The Bristol Stool Chart classifies stool samples according to shape and consistency and assigns a sample (poop) a number from 1-7 depending on its characteristics. Stools that are well formed and easy to pass are considered ideal and most indicative of healthy digestion.
This is a pretty good simple assessment. Back in 2015 when I founded The BioCollective, I was on a hike and was asked by some fellow hikers what kind of work I did. I told them I was in the business of collecting and evaluating stool samples to better understand human health. They were hiking with their dog and immediately connected this process of evaluating the stool to their own measurements of their dog’s health by examining the daily bowel habits fo the dog. It was common sense to them.
We've learned a lot over the past six years of working in the microbiome field and collecting stool samples, much of it unpublished in scientific literature. We have also heard from many people over these six years that issues with going too little with great difficulty or two often with explosive effects and significant issues. This is one reason we started making probiotics, to help these people, perhaps like you, with our knowledge of the microbiome.
Here are twocommon sense explanations about how your bowel regularity impacts your health.
First, let’s take constipation. Constipation is the delayed evacuation of waste from the digestive system. If you think about this from a common sense perspective, we are eating 2-3 times per day and not all of this matter is converted to something that is used by the body so there is waste. If we are creating daily waste but not eliminating it then the waste is just sitting in our intestines fermenting or putrifying. This process can create many toxic byproducts that our other systems must work to clear from the body. An area we have been studying for the past several years is bacterial toxins which can have many detrimental health effects.

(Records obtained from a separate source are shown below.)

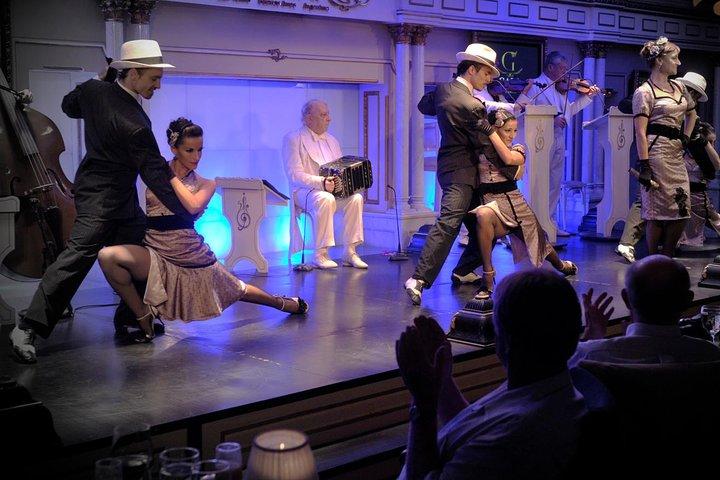 Cena Show en Gala Tango con Transfer opcional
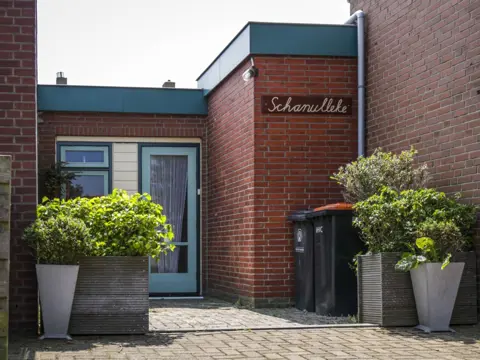 Gezellig kleurrijk vakantiehuisje met privétuin in De Koog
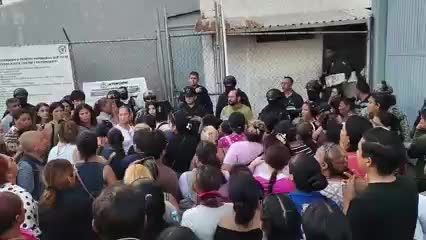 Revelan video del desgarrador momento en que familiares se enteran de los muertos en el penal de Mazatlán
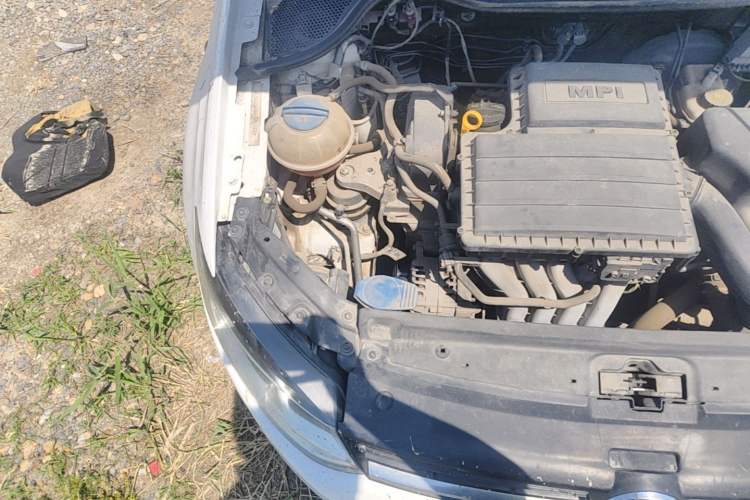 Used Volkswagen Polo 2014 1.4L Automatic Comfort Edition Engine Bay Right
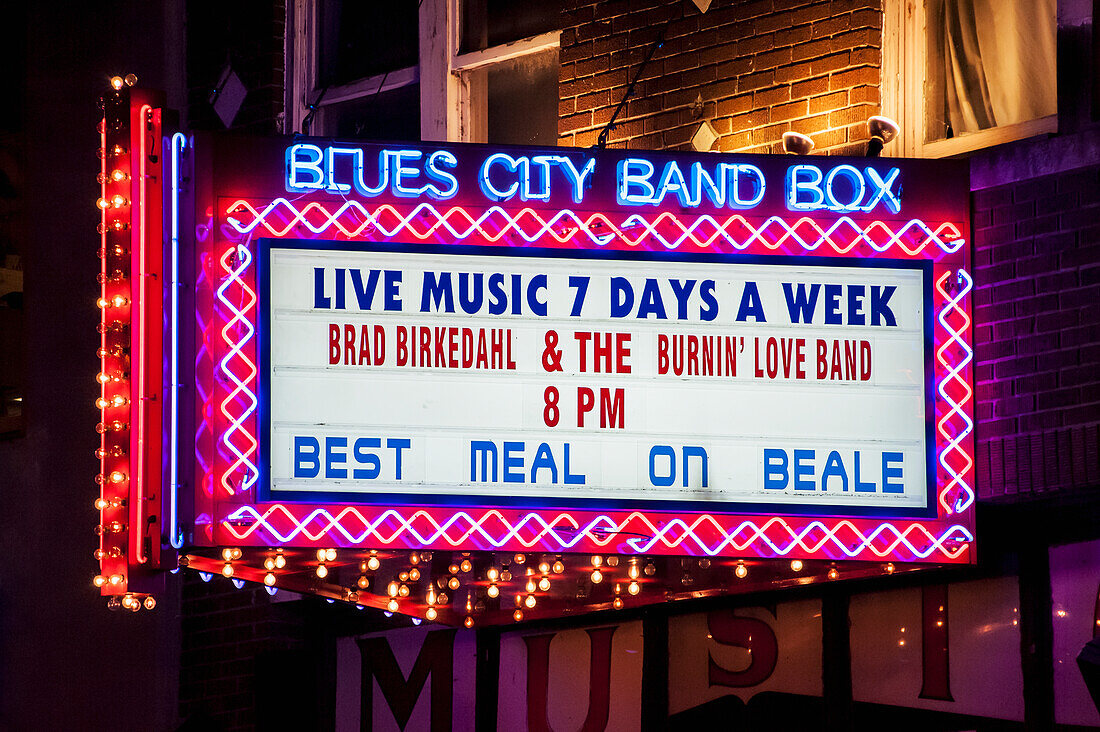 USA,Tennessee,Neonlichter in der Beale Street,Memphis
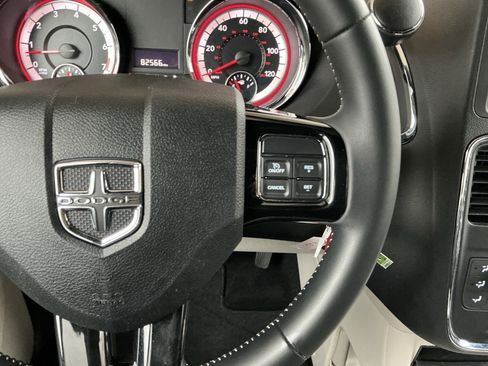 Used 2016 Dodge Grand Caravan SXT image 13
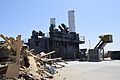 Un carico di rifiuti ad alto potere calorifico pronto ad essere alimentato in un inceneritore per le operazioni di accensione (startup) dell'impianto (Bagram Air Field, Afghanistan).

Next let’s look at diarrhea. Rapid elimination of waste is the body’s way of trying to rid itself of something harmful, such as a virus or food poisoning. In the short term this is a good thing but over the long term it can be an indication of something more serious. If the food you eat passes quickly through your digestive track then you may not be able to break down and absorb the nutrients your body needs to stay healthy.

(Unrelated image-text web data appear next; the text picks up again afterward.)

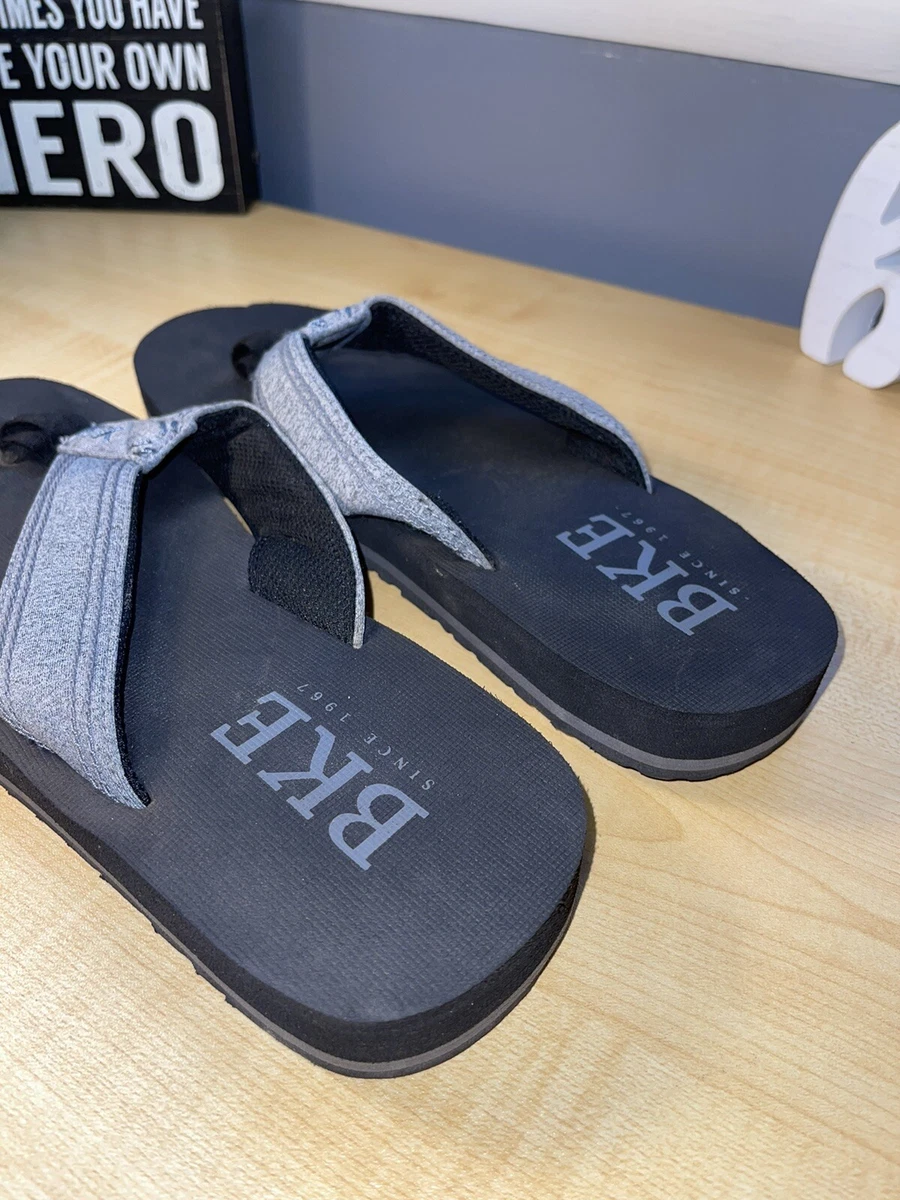 Buckle mens shop flip flops
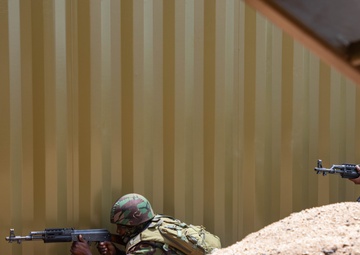 Justified Accord participants conduct urban operations course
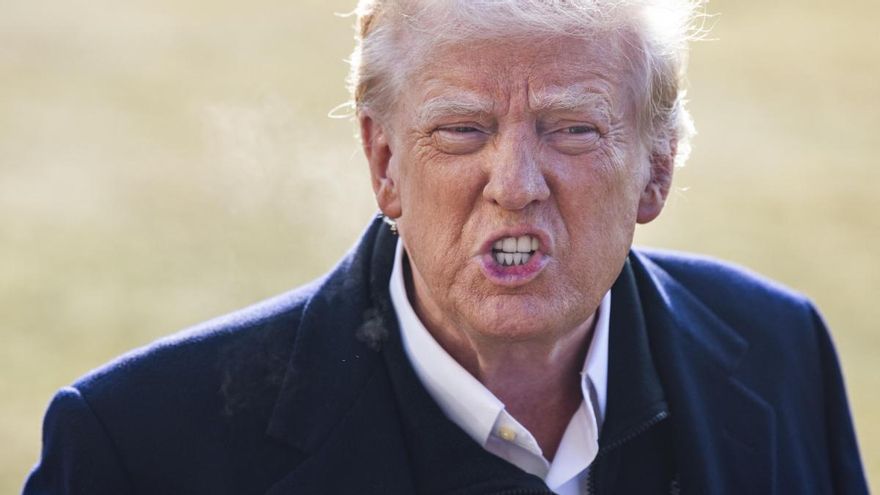 Una jueza bloquea la orden de Trump de congelar las ayudas federales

Statistics show roughly 15% of the US population suffers from Irritable Bowel Syndrome. That’s nearly 50 Million people. IBS can be constipation or diarrhea or some combination of bowel alternating back and forth.
So paying attention to your Bristol Stool Score can help you stay on top of your health. Take note of how different foods affect your score. After all, your own observations and common sense may be your best tool to improving your gut health and your number 2!
Have a nice poop!
With gratitude,
Martha Carlin, is a “Citizen Scientist”,
systems thinker, wife of Parkinson’s warrior, John Carlin, and founder of The BioCollective , a microbiome company expanding
the reach of science and BiotiQuest, the first of it’s kind probiotic line. Since John’s diagnosis in 2002,
Martha began learning the science of agriculture, nutrition, environment, infectious disease, Parkinson’s
pathology and much more. In 2014, when the first research was published showing a connection between the gut
bacteria and the two phenotypes of Parkinson’s, Martha quit her former career as a business turnaround expert
and founded The BioCollective to accelerate the discovery of the impact of gut health on all human disease. Martha was a speaker at the White House 2016 Microbiome Initiative launch, challenging the scientific
community to “think in a broader context”. Her systems thinking background and experience has led to collaborations
across the scientific spectrum from neuroscience to engineering to infectious disease. She is a respected out of the
box problem solver in the microbiome field and brings a unique perspective to helping others understand the
connections from the soil to the food to our guts and our brains.